Dying on the job continues at a steady pace according to the latest statistics from the Bureau of Labor Statistics (BLS).
The fatal injury rate for American workers dropped slightly in 2011 — the most recent year with reported numbers — from 3.6 to 3.5 deaths per 100,000 workers.
But 4,693 men, women and teenagers died at work. That's three more than the total number of lives lost on the job in 2010.
BLS says it's the third-lowest death toll since counting began in 1992. Worker safety groups find no comfort in the report, though. It comes as they and the Labor Department prepare to mark Workers Memorial Day on Sunday.
"These deaths were largely preventable," says Tom O'Connor, executive director of National Council for Occupational Safety and Health (COSH), an advocacy group formed by organized labor and workers safety advocates. "Simply by following proven safety practices and complying with [Occupational Safety and Health Administration] standards, many of these more than 4,600 deaths could have been avoided."
COSH has just released its own report on workplace deaths, which focuses on specific industries and incidents.
O'Connor blames companies that "decry regulations and emphasize profits over safety."
The vast majority of deaths involve white men in private industry. Nearly 2,000 died in "transportation incidents," including traffic accidents. Close to 10 percent of the workers killed were victims of workplace homicides. Notoriously dangerous work in agriculture, forestry, fishing and hunting took 566 lives — 24.9 deaths for every 100,000 full-time workers. The most deaths for any single industry were in construction, with 738. That was 9.1 deaths per 100,000 full-time workers.
The BLS report now lists fatalities among contractors and that's a first, according to a story by Jim Morris from the Center for Public Integrity. O'Connor told Morris that "the total death toll is far greater than what we see from a handful of catastrophic incidents. It seems that the public just sort of accepts that as a risk of going to work."

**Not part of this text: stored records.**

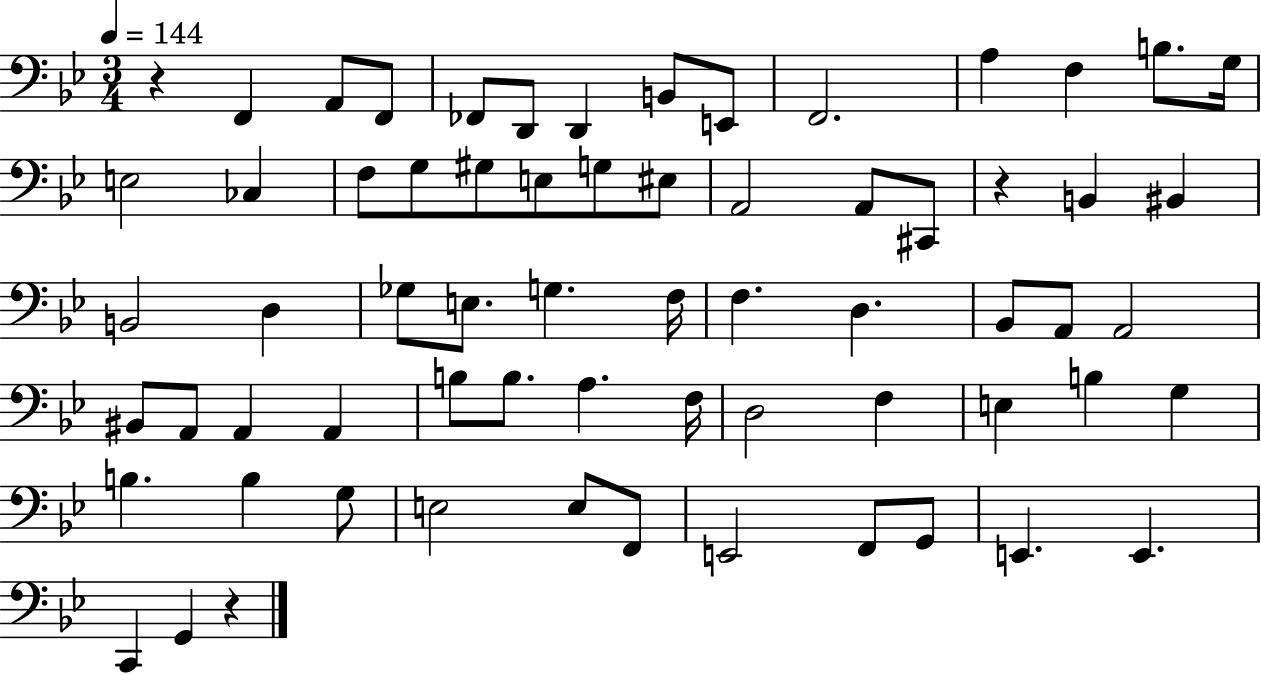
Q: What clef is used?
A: bass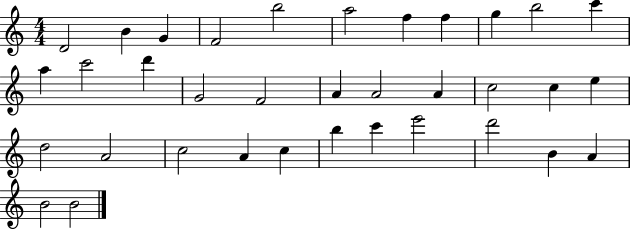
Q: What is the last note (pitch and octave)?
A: B4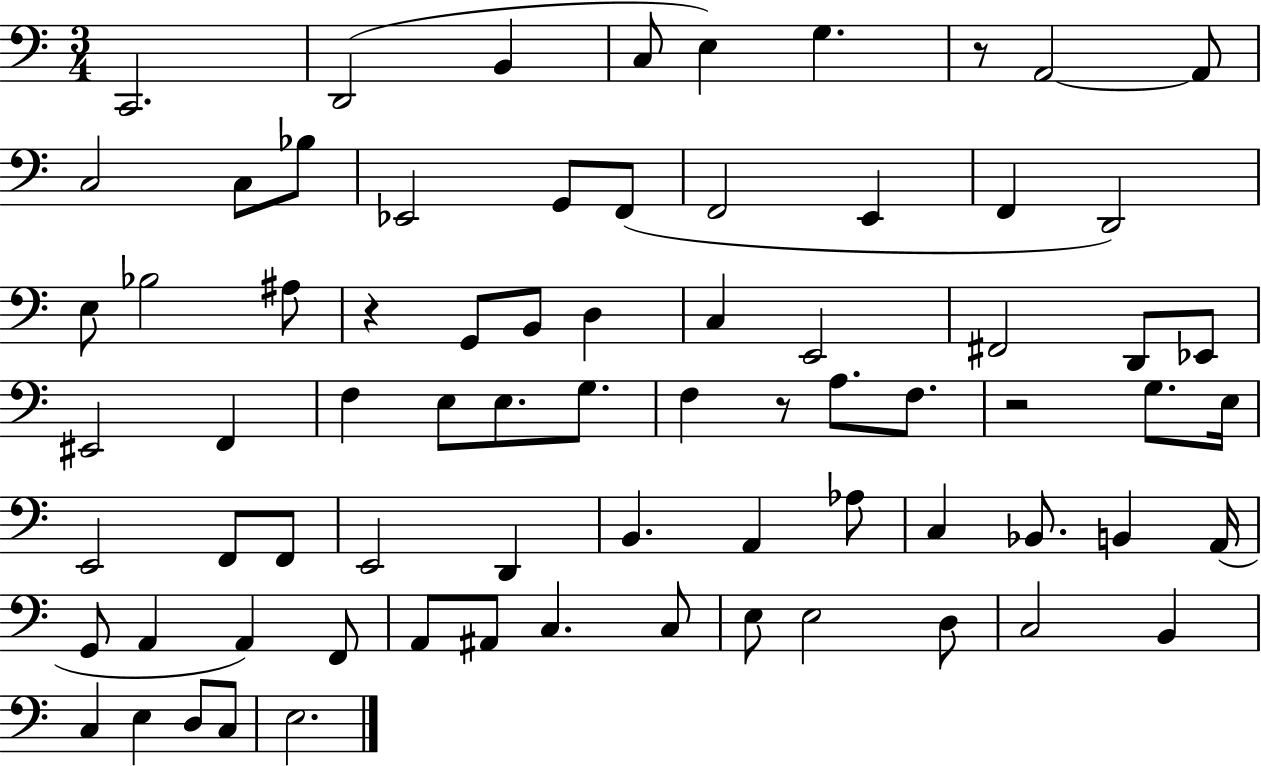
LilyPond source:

{
  \clef bass
  \numericTimeSignature
  \time 3/4
  \key c \major
  c,2. | d,2( b,4 | c8 e4) g4. | r8 a,2~~ a,8 | \break c2 c8 bes8 | ees,2 g,8 f,8( | f,2 e,4 | f,4 d,2) | \break e8 bes2 ais8 | r4 g,8 b,8 d4 | c4 e,2 | fis,2 d,8 ees,8 | \break eis,2 f,4 | f4 e8 e8. g8. | f4 r8 a8. f8. | r2 g8. e16 | \break e,2 f,8 f,8 | e,2 d,4 | b,4. a,4 aes8 | c4 bes,8. b,4 a,16( | \break g,8 a,4 a,4) f,8 | a,8 ais,8 c4. c8 | e8 e2 d8 | c2 b,4 | \break c4 e4 d8 c8 | e2. | \bar "|."
}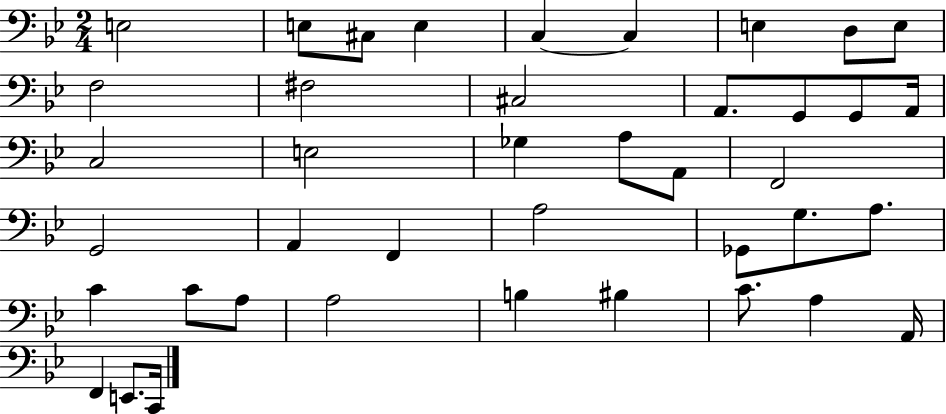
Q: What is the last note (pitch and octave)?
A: C2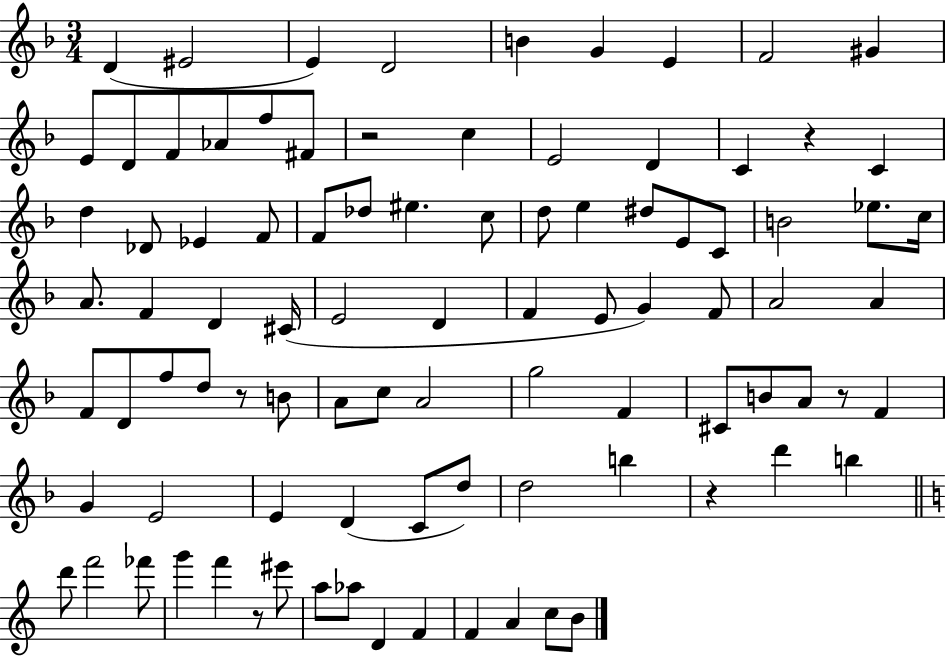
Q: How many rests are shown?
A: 6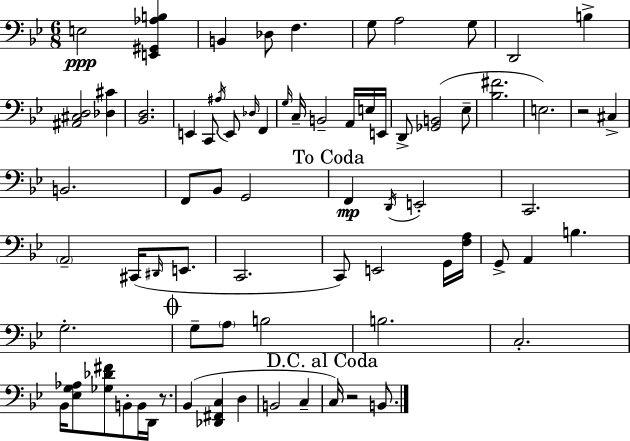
E3/h [E2,G#2,Ab3,B3]/q B2/q Db3/e F3/q. G3/e A3/h G3/e D2/h B3/q [A#2,C#3,D3]/h [Db3,C#4]/q [Bb2,D3]/h. E2/q C2/e A#3/s E2/e Db3/s F2/q G3/s C3/s B2/h A2/s E3/s E2/s D2/e [Gb2,B2]/h Eb3/e [Bb3,F#4]/h. E3/h. R/h C#3/q B2/h. F2/e Bb2/e G2/h F2/q D2/s E2/h C2/h. A2/h C#2/s D#2/s E2/e. C2/h. C2/e E2/h G2/s [F3,A3]/s G2/e A2/q B3/q. G3/h. G3/e A3/e B3/h B3/h. C3/h. Bb2/s [Eb3,G3,Ab3]/e [Gb3,Db4,F#4]/e B2/e B2/s D2/s R/e. Bb2/q [Db2,F#2,C3]/q D3/q B2/h C3/q C3/s R/h B2/e.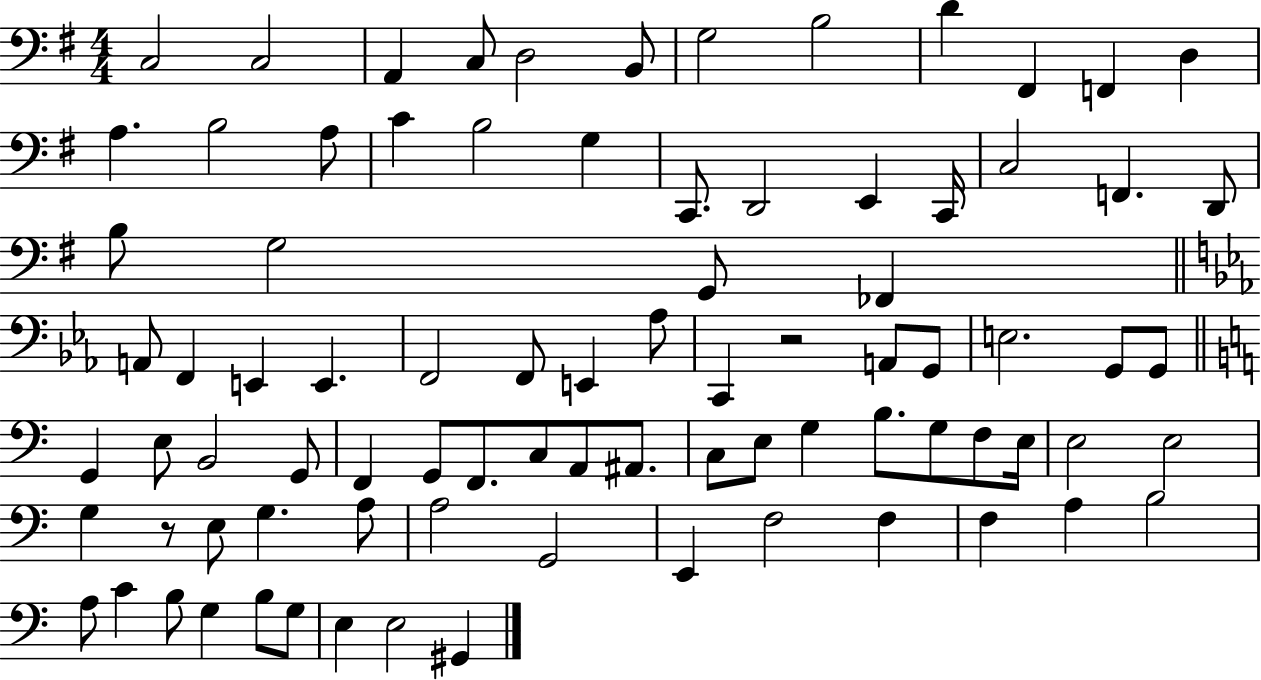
{
  \clef bass
  \numericTimeSignature
  \time 4/4
  \key g \major
  c2 c2 | a,4 c8 d2 b,8 | g2 b2 | d'4 fis,4 f,4 d4 | \break a4. b2 a8 | c'4 b2 g4 | c,8. d,2 e,4 c,16 | c2 f,4. d,8 | \break b8 g2 g,8 fes,4 | \bar "||" \break \key ees \major a,8 f,4 e,4 e,4. | f,2 f,8 e,4 aes8 | c,4 r2 a,8 g,8 | e2. g,8 g,8 | \break \bar "||" \break \key a \minor g,4 e8 b,2 g,8 | f,4 g,8 f,8. c8 a,8 ais,8. | c8 e8 g4 b8. g8 f8 e16 | e2 e2 | \break g4 r8 e8 g4. a8 | a2 g,2 | e,4 f2 f4 | f4 a4 b2 | \break a8 c'4 b8 g4 b8 g8 | e4 e2 gis,4 | \bar "|."
}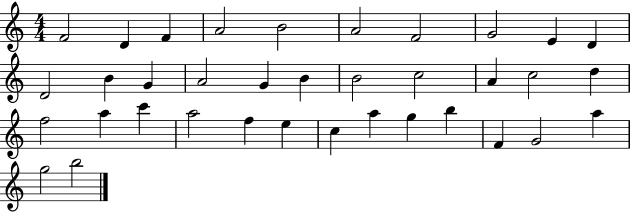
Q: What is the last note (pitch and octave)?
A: B5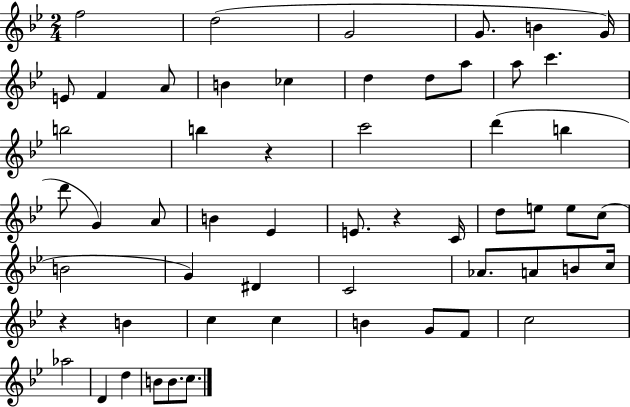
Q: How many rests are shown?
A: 3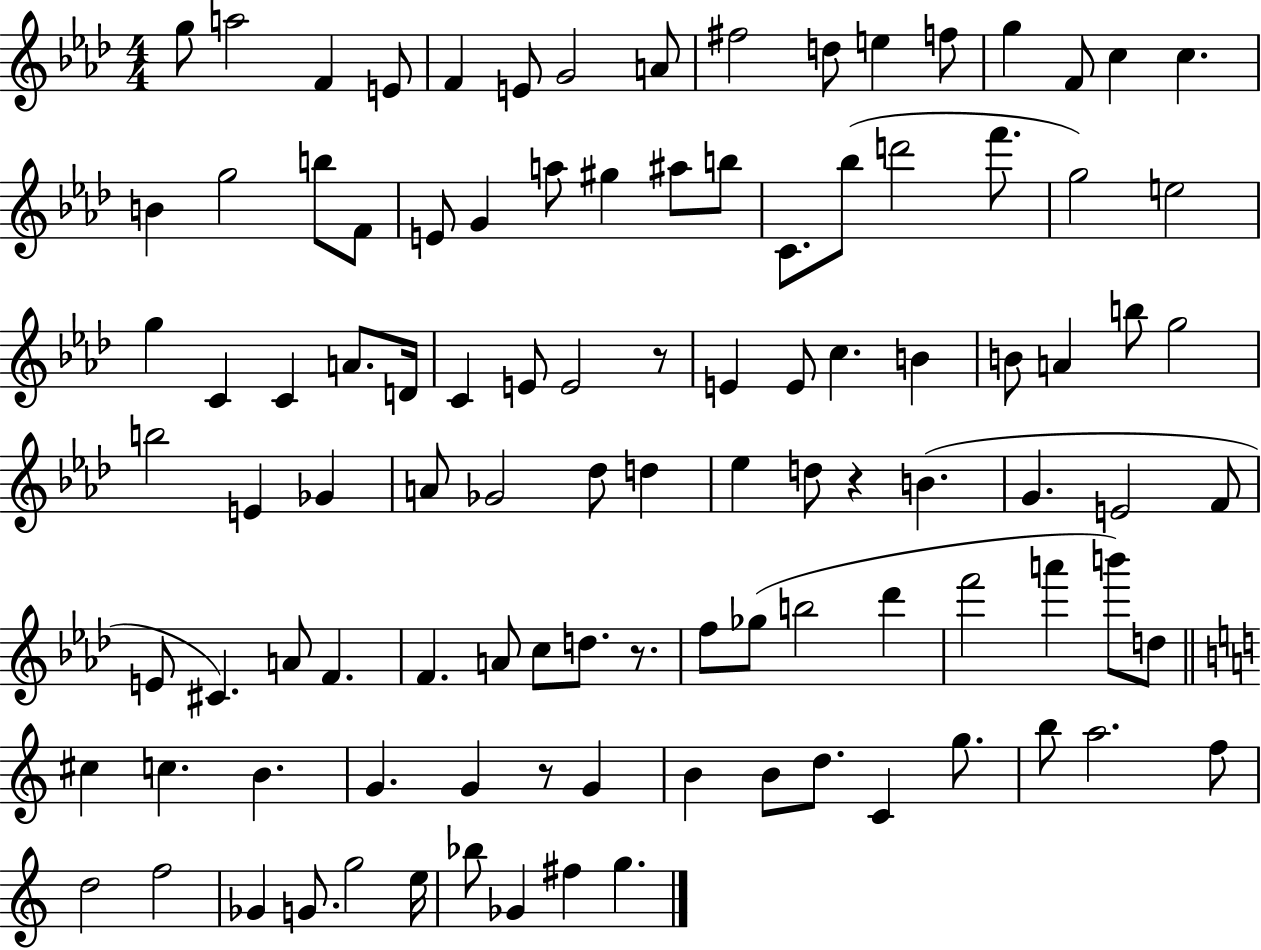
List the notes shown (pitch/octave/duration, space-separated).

G5/e A5/h F4/q E4/e F4/q E4/e G4/h A4/e F#5/h D5/e E5/q F5/e G5/q F4/e C5/q C5/q. B4/q G5/h B5/e F4/e E4/e G4/q A5/e G#5/q A#5/e B5/e C4/e. Bb5/e D6/h F6/e. G5/h E5/h G5/q C4/q C4/q A4/e. D4/s C4/q E4/e E4/h R/e E4/q E4/e C5/q. B4/q B4/e A4/q B5/e G5/h B5/h E4/q Gb4/q A4/e Gb4/h Db5/e D5/q Eb5/q D5/e R/q B4/q. G4/q. E4/h F4/e E4/e C#4/q. A4/e F4/q. F4/q. A4/e C5/e D5/e. R/e. F5/e Gb5/e B5/h Db6/q F6/h A6/q B6/e D5/e C#5/q C5/q. B4/q. G4/q. G4/q R/e G4/q B4/q B4/e D5/e. C4/q G5/e. B5/e A5/h. F5/e D5/h F5/h Gb4/q G4/e. G5/h E5/s Bb5/e Gb4/q F#5/q G5/q.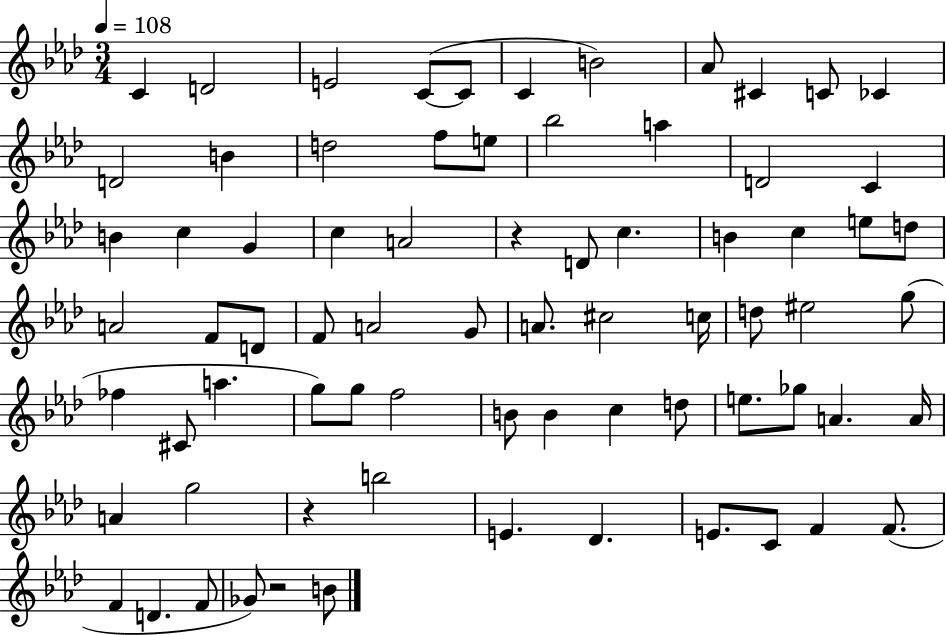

Workers Memorial Day events include the placement of empty and well-worn work boots to symbolize the lives lost at work, groups of spouses and children holding photos of loves ones, and readings of the names of victims.
Last week, Democrats in Congress reintroduced the Protecting America's Workers Act (PAWA), a bill that seeks tougher penalties for employers when willful and egregious behavior results in workers deaths. Senate Democrats introduced a similar measure last month.
"The fact remains that penalties for harming workers are often the cost of doing business for some employers," said Rep. George Miller of California, the ranking Democrat on the House Education and the Workforce Committee. "Congress needs to work together to increase these outdated penalties and give real teeth to the law so that workers and communities can remain safe while trying to make a living."
Senators Tom Harkin, D-Iowa, and Bob Casey, D-Pa., cited a recent NPR series, Buried in Grain, in announcing support for the Senate's version of PAWA.
"Whether working on a factory floor, on an oil rig, or in a grain bin, our workers and their families need to know that they will be safe and protected at the workplace," said Harkin, the chairman of the Senate Committee on Health, Education, Labor and Pensions.
PAWA failed to gain enough support in Congress in the past in the face of industry opposition and congressional resistance to expanded government regulation.